Archive for the ‘kohlhase’ Category

DITA/OMDoc Compatibility (or topic-based writing in OMDoc)

Friday, April 9th, 2010

When I was at the WritersUA conference before easter, the compatibility (and transformation) between DITA (as a topic-centered format) and DocBook (as a narrative one) was one of the topics with wider interest. In OMDoc we have always maintained that we can follow both the topic-centered approach (which is quite natural for mathematical texts and indeed for wiki-based approaches like the one in SWiM) as well as the narrative one. So I got thinking how we would really do the topic-centered approach in OMDoc.

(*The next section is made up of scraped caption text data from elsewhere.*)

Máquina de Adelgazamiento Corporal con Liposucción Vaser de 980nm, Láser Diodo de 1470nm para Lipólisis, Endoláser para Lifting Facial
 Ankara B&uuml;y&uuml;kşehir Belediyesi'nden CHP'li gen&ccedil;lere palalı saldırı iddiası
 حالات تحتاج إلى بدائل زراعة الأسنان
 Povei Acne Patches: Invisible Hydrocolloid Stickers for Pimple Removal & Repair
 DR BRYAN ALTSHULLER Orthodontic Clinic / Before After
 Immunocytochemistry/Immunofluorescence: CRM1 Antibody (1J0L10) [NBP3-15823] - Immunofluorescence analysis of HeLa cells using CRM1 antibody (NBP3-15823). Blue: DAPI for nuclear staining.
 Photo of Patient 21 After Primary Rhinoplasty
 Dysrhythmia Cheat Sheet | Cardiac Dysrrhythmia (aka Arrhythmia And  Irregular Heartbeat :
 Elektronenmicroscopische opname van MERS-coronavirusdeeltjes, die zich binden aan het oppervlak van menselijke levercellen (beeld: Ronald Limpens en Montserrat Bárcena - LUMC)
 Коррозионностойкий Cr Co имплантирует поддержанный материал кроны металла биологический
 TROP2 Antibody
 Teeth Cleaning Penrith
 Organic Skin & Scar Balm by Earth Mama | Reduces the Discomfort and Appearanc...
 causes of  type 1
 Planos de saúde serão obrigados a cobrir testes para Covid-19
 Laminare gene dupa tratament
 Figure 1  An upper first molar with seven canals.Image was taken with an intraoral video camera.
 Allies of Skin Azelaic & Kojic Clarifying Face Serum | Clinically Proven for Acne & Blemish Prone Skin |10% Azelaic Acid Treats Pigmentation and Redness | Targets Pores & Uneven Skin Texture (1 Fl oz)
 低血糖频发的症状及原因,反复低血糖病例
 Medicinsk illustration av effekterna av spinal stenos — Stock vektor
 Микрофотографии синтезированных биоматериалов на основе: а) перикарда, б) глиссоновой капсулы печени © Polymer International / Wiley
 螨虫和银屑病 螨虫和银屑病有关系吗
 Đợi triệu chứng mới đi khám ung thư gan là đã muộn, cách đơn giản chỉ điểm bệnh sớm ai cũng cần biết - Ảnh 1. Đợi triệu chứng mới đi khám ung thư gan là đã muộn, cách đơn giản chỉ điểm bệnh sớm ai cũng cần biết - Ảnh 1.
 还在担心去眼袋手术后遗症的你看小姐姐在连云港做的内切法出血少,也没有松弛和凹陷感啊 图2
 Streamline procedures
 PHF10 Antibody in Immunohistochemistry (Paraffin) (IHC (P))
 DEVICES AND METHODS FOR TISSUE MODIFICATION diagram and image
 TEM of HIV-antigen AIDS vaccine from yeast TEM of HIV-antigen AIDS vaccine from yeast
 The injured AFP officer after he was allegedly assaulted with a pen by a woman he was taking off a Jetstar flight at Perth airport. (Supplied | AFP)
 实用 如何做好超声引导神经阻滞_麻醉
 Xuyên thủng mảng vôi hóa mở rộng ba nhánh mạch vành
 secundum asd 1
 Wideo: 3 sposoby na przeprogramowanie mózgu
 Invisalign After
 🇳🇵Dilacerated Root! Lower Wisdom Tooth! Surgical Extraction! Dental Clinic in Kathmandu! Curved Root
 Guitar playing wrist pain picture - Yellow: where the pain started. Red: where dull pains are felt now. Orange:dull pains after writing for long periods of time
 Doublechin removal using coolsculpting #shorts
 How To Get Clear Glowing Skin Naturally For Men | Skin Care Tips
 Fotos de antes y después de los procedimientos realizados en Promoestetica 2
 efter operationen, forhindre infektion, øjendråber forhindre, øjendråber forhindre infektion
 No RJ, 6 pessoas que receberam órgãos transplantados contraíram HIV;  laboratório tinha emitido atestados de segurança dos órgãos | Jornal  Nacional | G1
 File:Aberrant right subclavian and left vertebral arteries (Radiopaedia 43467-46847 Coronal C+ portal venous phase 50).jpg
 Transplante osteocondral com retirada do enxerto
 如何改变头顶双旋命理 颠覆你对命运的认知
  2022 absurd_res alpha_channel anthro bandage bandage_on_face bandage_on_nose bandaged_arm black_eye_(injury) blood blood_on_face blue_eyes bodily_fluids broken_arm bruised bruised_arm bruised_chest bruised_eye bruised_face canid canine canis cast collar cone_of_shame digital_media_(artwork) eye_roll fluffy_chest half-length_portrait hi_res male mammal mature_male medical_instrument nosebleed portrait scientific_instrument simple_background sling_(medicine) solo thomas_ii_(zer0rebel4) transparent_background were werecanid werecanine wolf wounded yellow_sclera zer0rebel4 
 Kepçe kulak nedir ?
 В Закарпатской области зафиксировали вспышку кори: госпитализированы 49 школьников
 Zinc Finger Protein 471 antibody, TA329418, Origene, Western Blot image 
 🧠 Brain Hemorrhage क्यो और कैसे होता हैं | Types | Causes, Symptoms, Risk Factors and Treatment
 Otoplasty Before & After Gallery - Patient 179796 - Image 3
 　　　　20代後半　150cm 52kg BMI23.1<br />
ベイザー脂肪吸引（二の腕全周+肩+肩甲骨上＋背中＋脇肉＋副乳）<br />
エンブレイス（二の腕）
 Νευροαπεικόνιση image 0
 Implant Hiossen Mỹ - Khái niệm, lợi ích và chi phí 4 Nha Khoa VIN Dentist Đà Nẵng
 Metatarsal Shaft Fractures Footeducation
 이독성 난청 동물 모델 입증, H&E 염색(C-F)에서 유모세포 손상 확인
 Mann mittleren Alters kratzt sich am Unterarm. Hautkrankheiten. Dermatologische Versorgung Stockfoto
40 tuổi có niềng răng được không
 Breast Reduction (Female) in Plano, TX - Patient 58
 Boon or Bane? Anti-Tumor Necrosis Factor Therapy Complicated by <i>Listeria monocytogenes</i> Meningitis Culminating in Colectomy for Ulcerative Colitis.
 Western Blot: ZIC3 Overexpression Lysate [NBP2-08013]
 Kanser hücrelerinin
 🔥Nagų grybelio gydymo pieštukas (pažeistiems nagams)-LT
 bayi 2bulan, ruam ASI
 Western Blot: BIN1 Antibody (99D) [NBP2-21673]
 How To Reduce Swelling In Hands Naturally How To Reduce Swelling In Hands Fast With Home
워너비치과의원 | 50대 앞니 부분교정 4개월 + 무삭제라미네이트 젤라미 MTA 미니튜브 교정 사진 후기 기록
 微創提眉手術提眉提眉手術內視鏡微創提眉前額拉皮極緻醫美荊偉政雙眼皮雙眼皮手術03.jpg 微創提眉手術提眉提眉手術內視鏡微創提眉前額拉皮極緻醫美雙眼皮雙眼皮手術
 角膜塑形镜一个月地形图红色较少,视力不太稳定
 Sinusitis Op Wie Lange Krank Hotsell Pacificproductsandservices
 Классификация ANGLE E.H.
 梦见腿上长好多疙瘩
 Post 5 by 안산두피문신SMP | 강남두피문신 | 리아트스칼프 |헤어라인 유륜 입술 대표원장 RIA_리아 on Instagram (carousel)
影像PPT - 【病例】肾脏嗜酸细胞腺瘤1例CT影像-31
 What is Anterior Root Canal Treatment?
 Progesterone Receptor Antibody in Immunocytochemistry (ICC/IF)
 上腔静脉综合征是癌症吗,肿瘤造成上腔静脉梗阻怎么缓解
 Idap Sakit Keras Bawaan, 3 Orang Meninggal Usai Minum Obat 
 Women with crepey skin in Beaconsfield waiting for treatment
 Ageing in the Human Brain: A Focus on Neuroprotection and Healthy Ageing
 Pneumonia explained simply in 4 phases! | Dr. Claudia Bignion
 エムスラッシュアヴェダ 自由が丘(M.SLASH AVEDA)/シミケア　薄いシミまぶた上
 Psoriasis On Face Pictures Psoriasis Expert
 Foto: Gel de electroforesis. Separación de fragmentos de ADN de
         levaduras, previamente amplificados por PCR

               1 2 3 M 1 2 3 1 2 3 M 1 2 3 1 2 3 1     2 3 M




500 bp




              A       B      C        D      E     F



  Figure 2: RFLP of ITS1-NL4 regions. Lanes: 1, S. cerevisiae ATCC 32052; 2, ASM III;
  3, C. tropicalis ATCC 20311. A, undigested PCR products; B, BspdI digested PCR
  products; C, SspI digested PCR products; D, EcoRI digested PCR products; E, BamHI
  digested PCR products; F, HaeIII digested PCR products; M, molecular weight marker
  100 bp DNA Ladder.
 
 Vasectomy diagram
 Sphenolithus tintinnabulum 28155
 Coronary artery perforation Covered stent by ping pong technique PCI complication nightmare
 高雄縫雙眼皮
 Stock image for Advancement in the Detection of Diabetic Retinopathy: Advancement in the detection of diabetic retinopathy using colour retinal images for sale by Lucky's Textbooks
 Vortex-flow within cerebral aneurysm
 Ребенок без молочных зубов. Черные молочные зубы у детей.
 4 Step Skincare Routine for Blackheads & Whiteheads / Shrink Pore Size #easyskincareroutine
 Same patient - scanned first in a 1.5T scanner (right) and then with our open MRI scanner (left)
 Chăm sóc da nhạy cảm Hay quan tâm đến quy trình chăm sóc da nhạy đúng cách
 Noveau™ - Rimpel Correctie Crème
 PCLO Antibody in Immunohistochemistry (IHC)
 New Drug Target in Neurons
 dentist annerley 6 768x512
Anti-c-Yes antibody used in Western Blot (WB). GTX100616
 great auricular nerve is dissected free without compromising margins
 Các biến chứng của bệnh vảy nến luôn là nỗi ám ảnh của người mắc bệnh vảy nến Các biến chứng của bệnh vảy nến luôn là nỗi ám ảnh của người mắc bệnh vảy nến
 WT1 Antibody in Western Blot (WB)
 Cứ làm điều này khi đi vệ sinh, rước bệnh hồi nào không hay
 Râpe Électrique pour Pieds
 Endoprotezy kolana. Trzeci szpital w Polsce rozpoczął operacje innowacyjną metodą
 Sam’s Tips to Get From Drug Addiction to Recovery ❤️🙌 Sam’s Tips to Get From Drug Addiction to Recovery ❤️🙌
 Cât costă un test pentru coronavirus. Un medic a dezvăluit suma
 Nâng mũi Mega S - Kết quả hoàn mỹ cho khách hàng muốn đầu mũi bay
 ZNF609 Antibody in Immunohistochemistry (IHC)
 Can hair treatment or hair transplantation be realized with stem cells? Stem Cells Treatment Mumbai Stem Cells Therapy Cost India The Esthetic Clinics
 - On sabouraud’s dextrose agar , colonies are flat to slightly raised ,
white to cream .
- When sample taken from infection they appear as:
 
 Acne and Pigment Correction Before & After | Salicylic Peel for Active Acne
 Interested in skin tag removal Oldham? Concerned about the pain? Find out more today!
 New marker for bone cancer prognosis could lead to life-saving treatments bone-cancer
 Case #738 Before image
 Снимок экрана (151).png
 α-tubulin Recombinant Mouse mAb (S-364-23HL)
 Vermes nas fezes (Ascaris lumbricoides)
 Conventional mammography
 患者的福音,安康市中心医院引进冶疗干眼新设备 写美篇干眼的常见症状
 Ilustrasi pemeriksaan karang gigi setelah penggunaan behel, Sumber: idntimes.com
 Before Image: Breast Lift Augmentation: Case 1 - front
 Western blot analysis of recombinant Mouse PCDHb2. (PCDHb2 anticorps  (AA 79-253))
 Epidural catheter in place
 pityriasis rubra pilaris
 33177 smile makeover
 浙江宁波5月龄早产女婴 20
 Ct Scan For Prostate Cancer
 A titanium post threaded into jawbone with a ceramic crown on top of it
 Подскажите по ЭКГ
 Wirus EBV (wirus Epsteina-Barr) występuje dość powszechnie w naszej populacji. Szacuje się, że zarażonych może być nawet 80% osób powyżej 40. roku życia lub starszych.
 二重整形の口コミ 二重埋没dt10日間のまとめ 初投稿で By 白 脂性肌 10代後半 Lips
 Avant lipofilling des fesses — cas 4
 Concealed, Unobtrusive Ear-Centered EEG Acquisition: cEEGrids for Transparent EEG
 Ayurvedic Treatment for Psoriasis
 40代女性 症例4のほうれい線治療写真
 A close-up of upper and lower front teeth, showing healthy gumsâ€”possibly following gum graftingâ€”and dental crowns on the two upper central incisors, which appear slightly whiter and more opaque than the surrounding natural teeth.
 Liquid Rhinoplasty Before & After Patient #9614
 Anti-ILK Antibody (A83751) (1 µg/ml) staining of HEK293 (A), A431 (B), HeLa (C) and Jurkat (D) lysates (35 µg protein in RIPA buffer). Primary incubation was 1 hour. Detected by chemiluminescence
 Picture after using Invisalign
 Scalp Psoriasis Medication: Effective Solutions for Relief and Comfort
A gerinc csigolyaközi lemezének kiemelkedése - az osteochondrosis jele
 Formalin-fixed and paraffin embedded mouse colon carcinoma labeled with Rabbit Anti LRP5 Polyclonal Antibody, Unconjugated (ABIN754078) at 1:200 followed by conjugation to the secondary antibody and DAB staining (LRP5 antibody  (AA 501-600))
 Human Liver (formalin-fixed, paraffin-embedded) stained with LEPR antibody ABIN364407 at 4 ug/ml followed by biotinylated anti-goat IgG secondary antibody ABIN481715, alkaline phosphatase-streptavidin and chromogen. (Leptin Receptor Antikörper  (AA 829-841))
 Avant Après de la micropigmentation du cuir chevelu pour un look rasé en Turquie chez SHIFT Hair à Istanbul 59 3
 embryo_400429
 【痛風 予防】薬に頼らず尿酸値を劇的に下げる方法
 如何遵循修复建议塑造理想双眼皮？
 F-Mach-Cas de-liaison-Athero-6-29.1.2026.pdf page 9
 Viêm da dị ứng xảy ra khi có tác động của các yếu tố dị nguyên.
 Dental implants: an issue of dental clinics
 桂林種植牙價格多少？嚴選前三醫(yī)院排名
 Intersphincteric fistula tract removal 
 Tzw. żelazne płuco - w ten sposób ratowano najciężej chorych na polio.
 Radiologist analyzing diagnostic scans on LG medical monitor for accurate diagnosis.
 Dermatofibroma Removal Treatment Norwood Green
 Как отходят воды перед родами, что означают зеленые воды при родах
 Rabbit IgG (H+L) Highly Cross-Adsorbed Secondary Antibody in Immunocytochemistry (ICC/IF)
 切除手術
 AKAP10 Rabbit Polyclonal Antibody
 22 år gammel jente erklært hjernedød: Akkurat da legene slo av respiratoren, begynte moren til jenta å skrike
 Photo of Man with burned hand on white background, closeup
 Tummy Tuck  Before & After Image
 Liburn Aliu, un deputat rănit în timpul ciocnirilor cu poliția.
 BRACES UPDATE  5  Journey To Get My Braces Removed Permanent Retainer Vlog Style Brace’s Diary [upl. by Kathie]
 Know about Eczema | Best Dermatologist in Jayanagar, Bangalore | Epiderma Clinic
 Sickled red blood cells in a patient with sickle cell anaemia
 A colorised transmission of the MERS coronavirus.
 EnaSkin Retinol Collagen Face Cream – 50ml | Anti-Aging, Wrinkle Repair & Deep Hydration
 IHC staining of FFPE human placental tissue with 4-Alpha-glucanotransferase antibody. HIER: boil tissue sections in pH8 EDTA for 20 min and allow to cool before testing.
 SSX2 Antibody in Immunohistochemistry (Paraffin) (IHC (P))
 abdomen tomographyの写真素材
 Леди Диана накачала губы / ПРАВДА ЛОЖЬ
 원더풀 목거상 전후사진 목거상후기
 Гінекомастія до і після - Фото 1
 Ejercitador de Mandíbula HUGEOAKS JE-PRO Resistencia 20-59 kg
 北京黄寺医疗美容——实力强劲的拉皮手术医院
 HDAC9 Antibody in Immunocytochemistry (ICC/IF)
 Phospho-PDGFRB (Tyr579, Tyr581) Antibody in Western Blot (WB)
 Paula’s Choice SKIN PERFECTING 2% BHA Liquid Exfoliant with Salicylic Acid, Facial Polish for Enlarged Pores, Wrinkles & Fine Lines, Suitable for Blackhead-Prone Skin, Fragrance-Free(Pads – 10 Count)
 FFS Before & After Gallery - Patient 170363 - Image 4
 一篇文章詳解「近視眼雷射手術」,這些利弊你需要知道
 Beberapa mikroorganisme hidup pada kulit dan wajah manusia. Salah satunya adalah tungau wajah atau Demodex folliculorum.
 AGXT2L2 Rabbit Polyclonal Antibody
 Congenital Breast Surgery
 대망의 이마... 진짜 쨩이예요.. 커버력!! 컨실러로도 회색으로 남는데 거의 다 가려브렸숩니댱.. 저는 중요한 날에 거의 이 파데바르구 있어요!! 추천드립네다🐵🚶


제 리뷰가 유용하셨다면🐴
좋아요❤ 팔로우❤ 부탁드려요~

When I was reading Christine Müller’s Ph.D. thesis that looked a the integration of topic-based and narrative writing styles, I noticed that she says that OMDoc does not have support for topic-style writing. I think that this is wrong. Taking her example (slightly simplified)

<concept id="A.dita">
 <title>Natural Numbers</title>
 <conbody>
 <p>The set of <term>natural numbers</term>
 defined <cite>here</cite> or in <xref href="nat.dita#nat1"/>.
 </p>
 <para conref="topic/p2"/>
 </conbody>
 <related-link>http://example.com/nats.html</related-link>
</concept>

it is obviously directly  expressible in OMDoc as

<omdoc>
 <omgroup type="concept" xml:id="A.dita">
 <metadata>
 <dc:title>Natural Numbers</dc:title>
 <link rel="dita:related-link" resource="http://example.com/nats.html"/>
 </metadata>
 <omgroup type="conbody">
 <omtext&gt
 <CMP>
 <p>The set of <phrase role="term">natural numbers</phrase>
 defined <cite>here</cite> or in <ref type="cite" href="nat.dita#nat1"/>.
 </p>
 </CMP>
 </omtext>
 <ref href="topic/p2" type="include"/>
 </omgroup>
 </omgroup>
</omdoc>

(again slightly simplified; I am leaving out the relevant namespace declarations). It should be directly obvious that we can define an OMDoc sublanguage that is isomorphic to DITA. Indeed I think that this is an exercise that would be worth doing. After all, there was a message from Bryce Nordgren  about opening oup a Math domain in DITA (see http://openmath.org/pipermail/om/2009-February/001203.html for details), which could use this isomorphism as a guiding light.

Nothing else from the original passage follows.